Recorded data

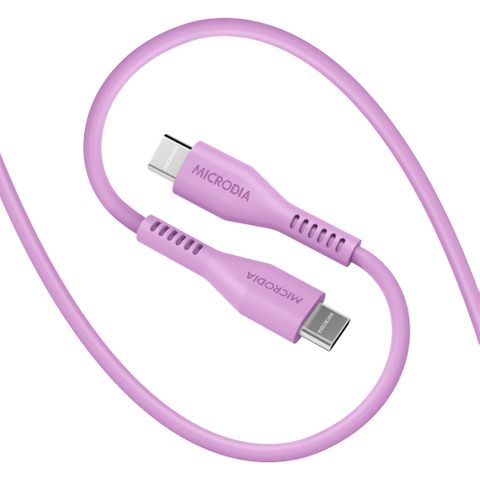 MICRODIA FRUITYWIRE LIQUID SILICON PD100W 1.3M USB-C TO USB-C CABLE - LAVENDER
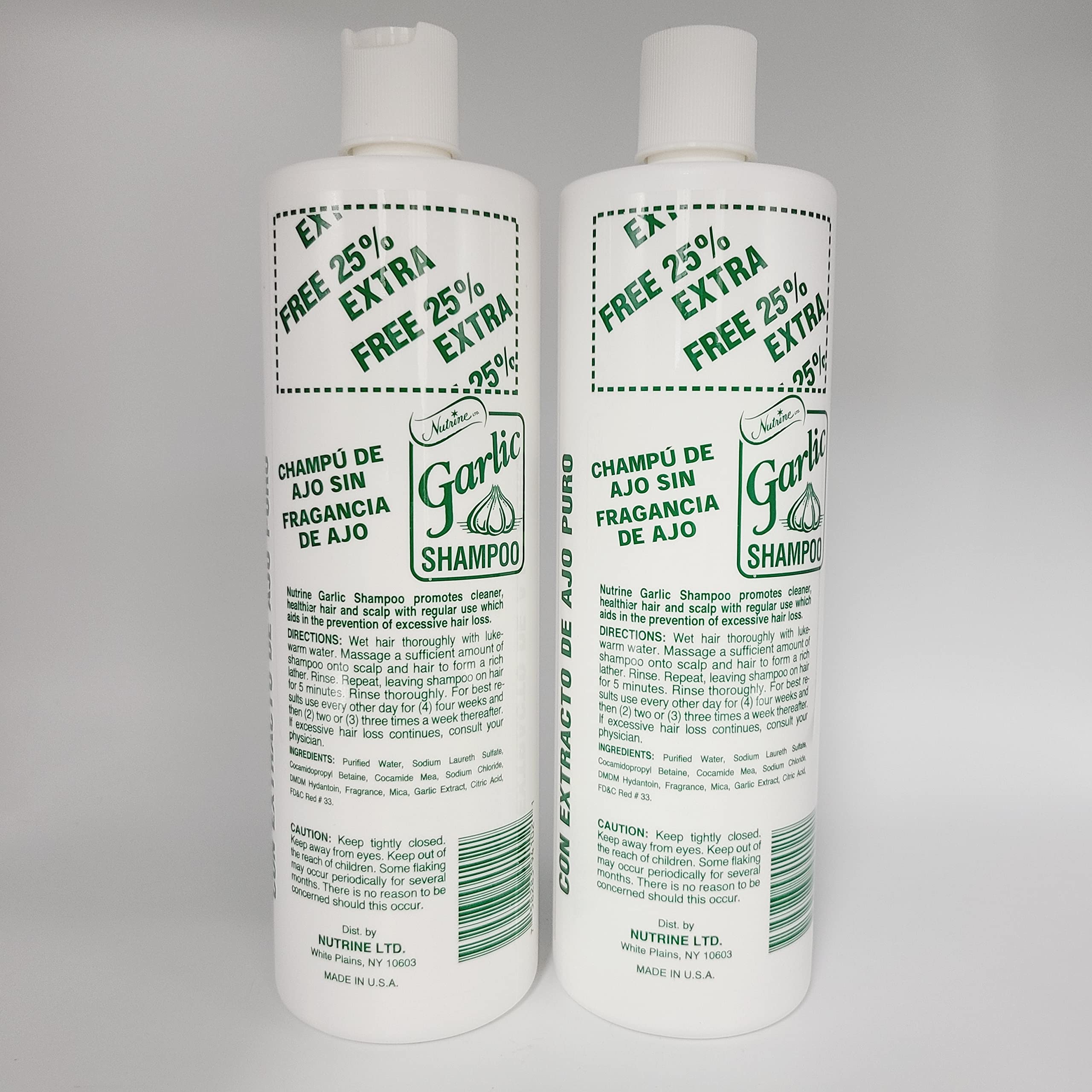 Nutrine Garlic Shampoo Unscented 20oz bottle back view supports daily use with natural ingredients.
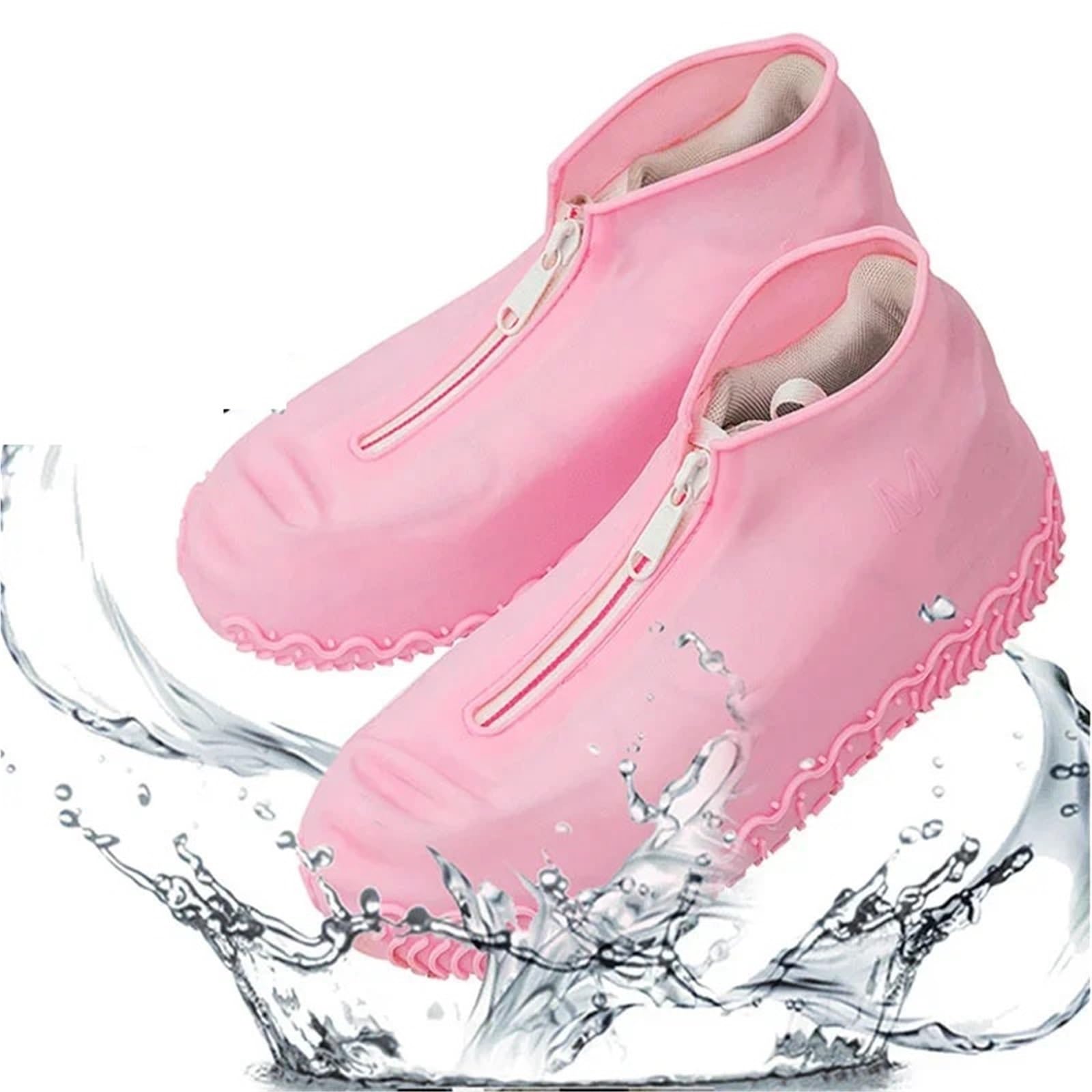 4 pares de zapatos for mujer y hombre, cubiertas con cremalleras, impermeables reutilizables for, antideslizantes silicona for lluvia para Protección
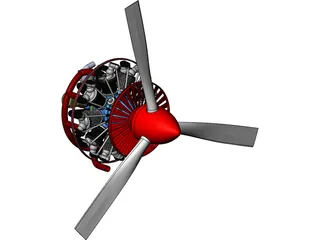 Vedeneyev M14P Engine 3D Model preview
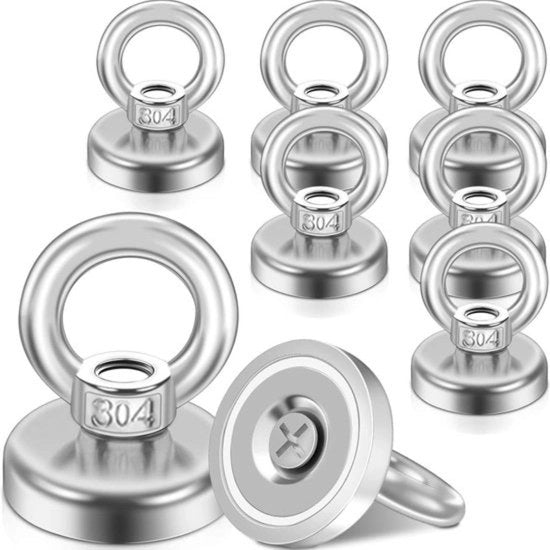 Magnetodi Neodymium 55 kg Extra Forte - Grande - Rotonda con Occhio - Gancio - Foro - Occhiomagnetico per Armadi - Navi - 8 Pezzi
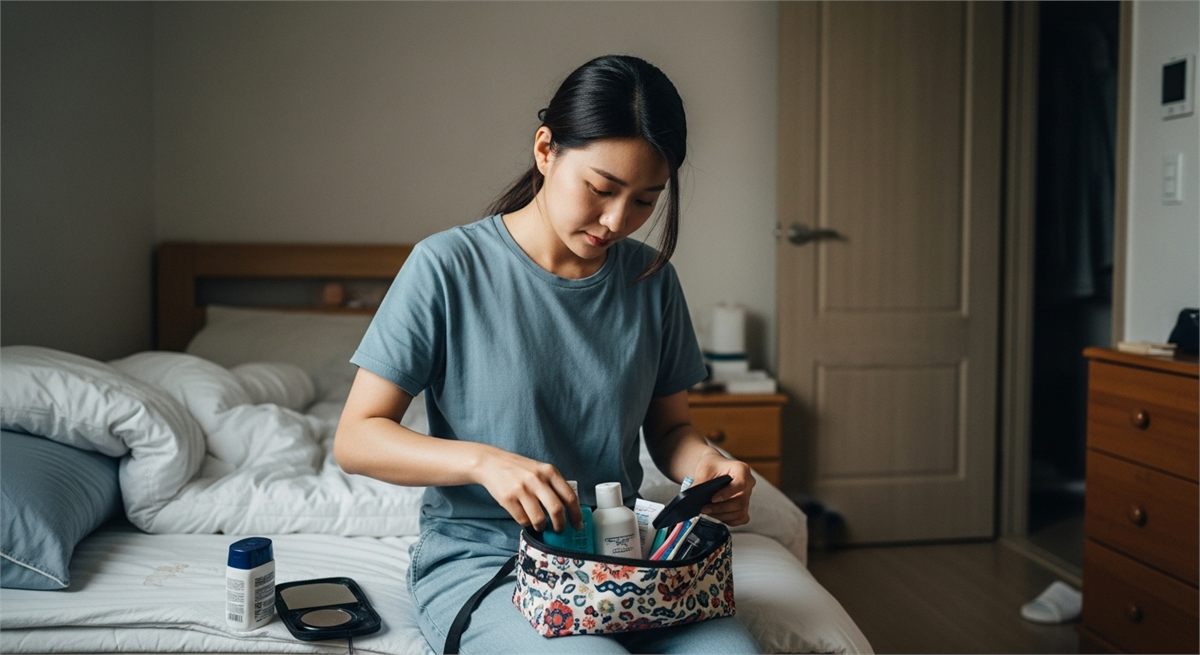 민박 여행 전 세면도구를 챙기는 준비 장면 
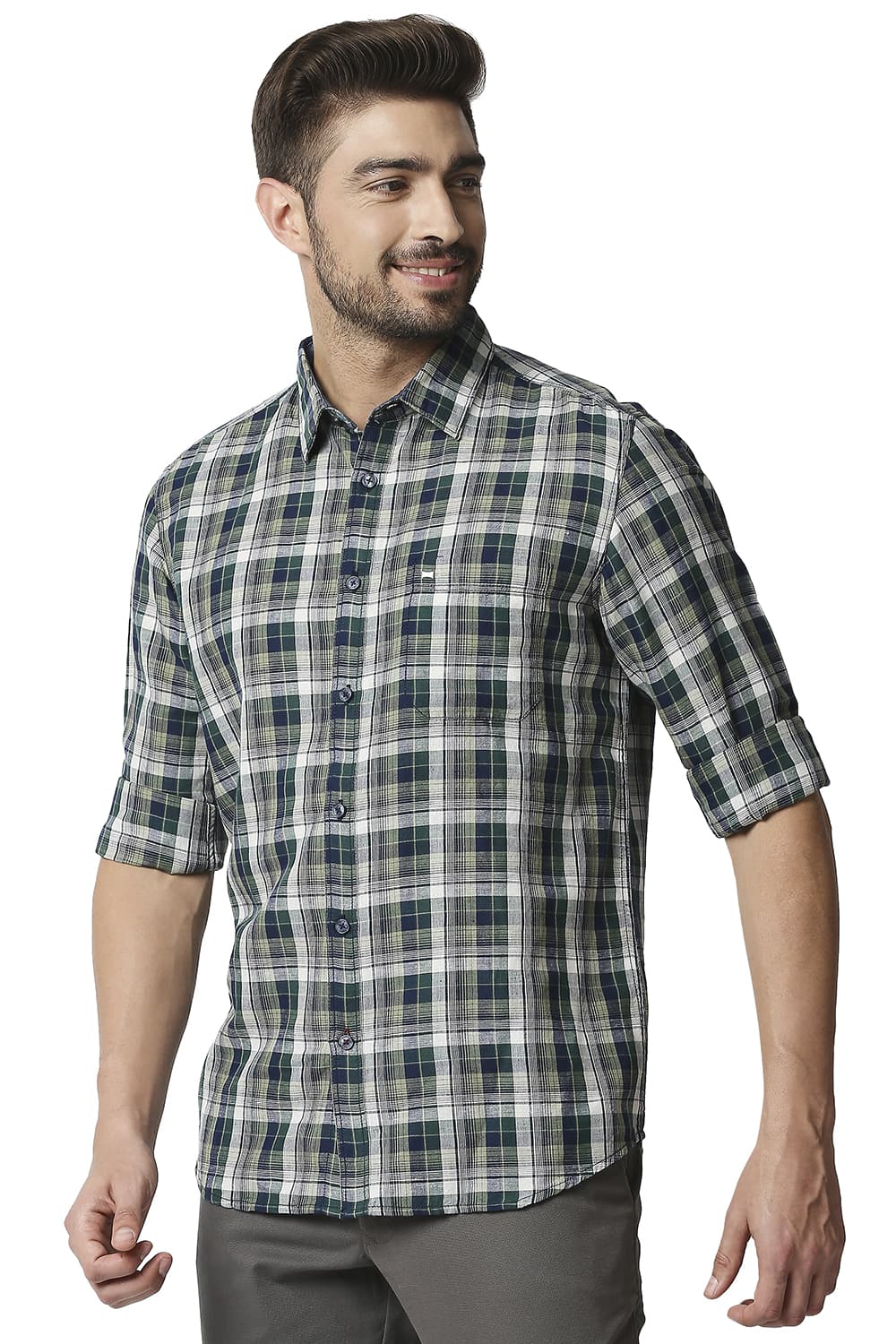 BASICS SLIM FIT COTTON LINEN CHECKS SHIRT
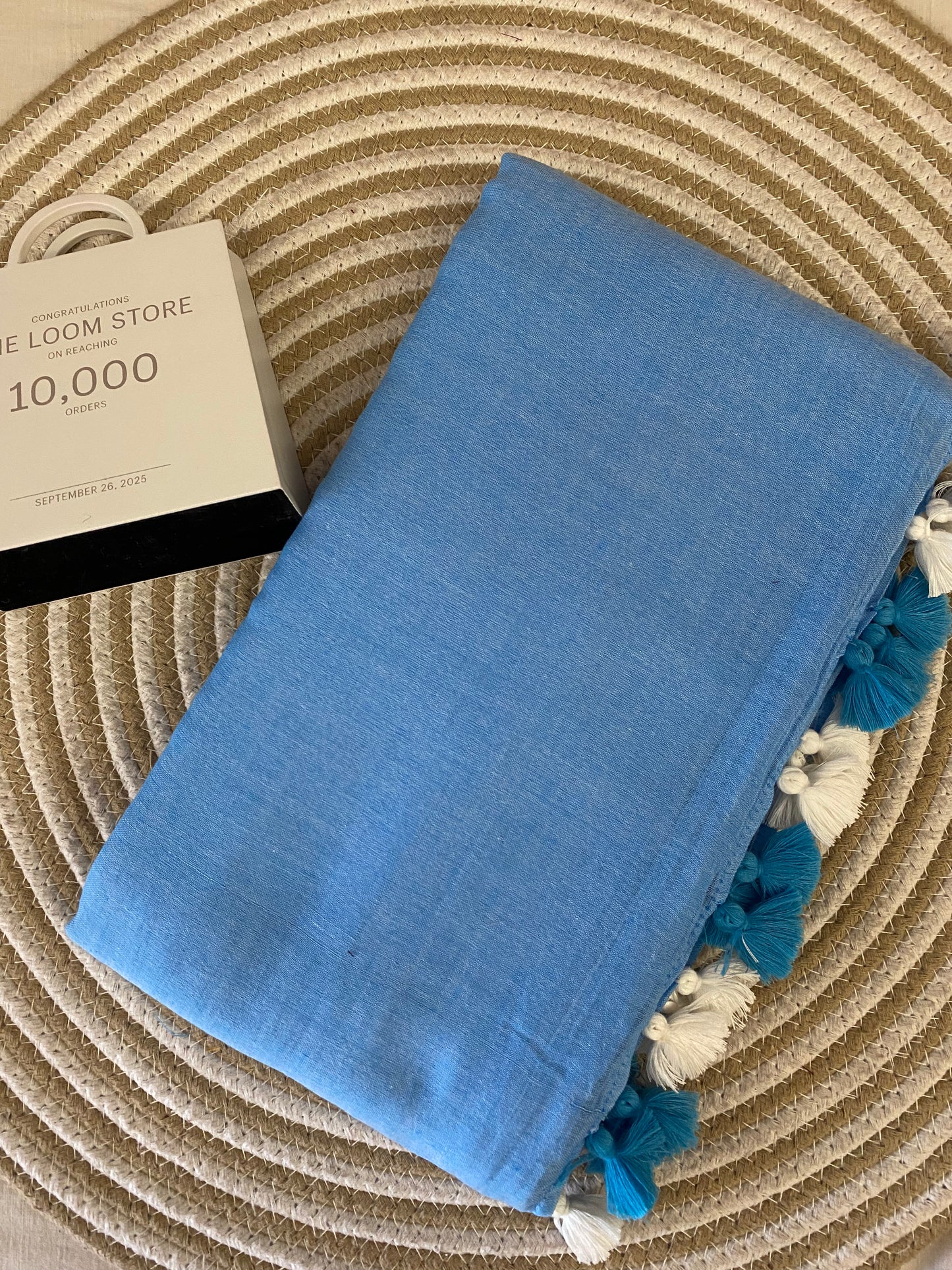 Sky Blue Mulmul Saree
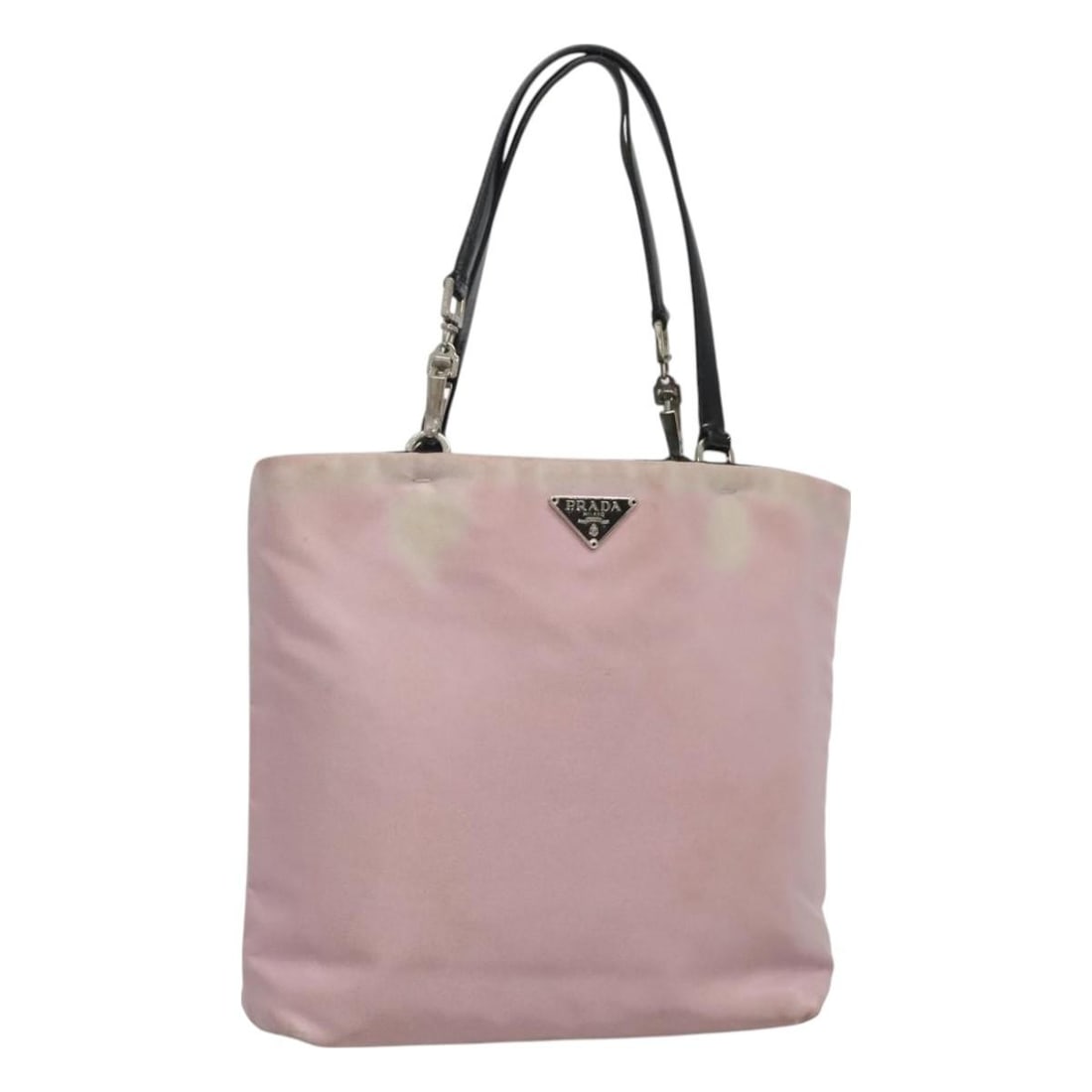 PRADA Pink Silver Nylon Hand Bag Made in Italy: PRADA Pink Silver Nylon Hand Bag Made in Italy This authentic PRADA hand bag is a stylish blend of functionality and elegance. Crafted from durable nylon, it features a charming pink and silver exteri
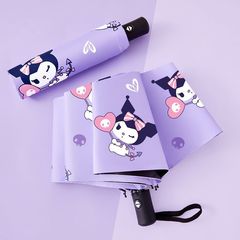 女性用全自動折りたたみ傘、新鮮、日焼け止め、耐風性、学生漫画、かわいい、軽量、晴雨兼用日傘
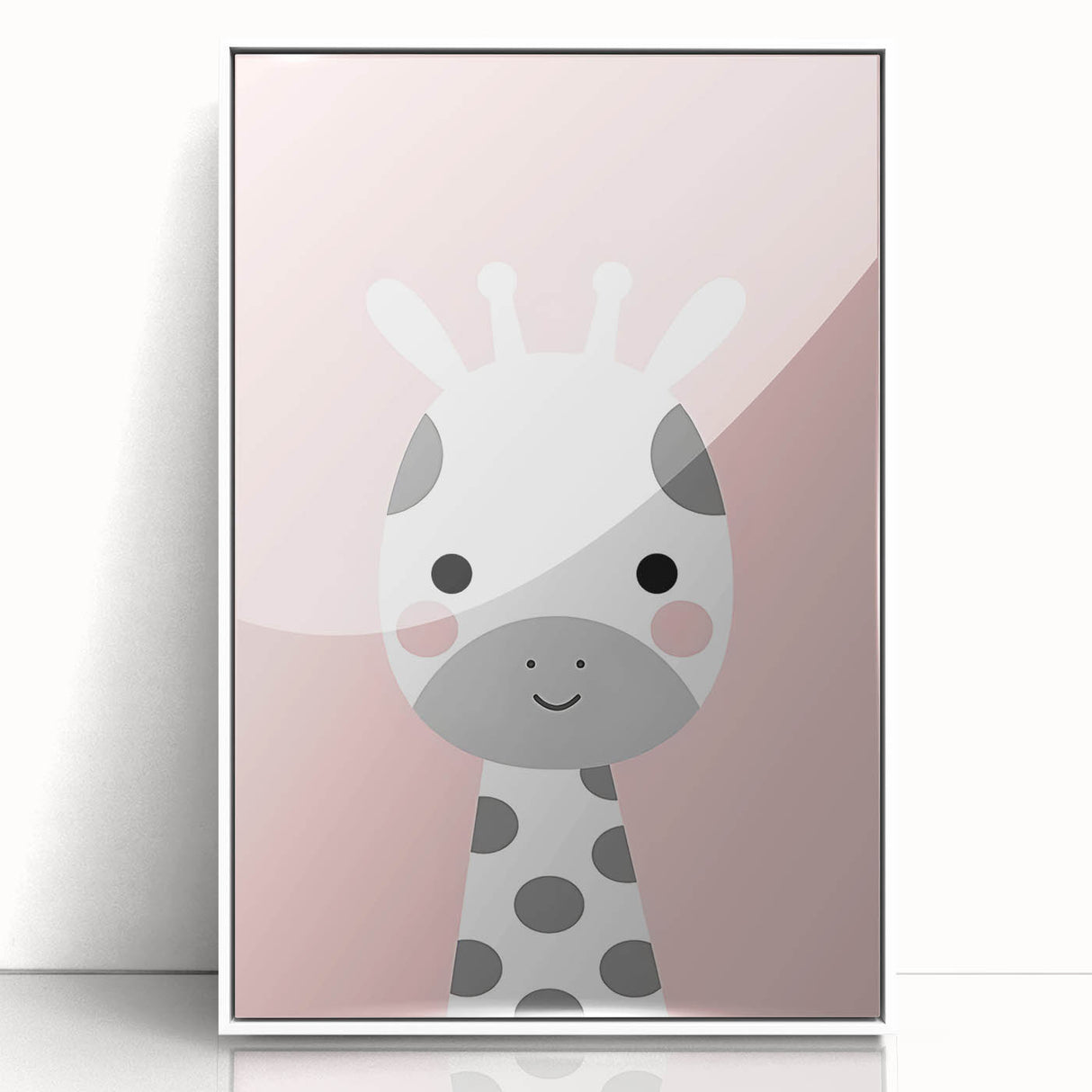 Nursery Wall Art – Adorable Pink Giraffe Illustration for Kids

Description of the task: Please repeat all of the data exactly, excluding images.

Written solution:
 MICRODIA FRUITYWIRE LIQUID SILICON PD100W 1.3M USB-C TO USB-C CABLE - LAVENDER
 Nutrine Garlic Shampoo Unscented 20oz bottle back view supports daily use with natural ingredients.
 4 pares de zapatos for mujer y hombre, cubiertas con cremalleras, impermeables reutilizables for, antideslizantes silicona for lluvia para Protección
 Vedeneyev M14P Engine 3D Model preview
 Magnetodi Neodymium 55 kg Extra Forte - Grande - Rotonda con Occhio - Gancio - Foro - Occhiomagnetico per Armadi - Navi - 8 Pezzi
 민박 여행 전 세면도구를 챙기는 준비 장면 
 BASICS SLIM FIT COTTON LINEN CHECKS SHIRT
 Sky Blue Mulmul Saree
 PRADA Pink Silver Nylon Hand Bag Made in Italy: PRADA Pink Silver Nylon Hand Bag Made in Italy This authentic PRADA hand bag is a stylish blend of functionality and elegance. Crafted from durable nylon, it features a charming pink and silver exteri
 女性用全自動折りたたみ傘、新鮮、日焼け止め、耐風性、学生漫画、かわいい、軽量、晴雨兼用日傘
 Nursery Wall Art – Adorable Pink Giraffe Illustration for Kids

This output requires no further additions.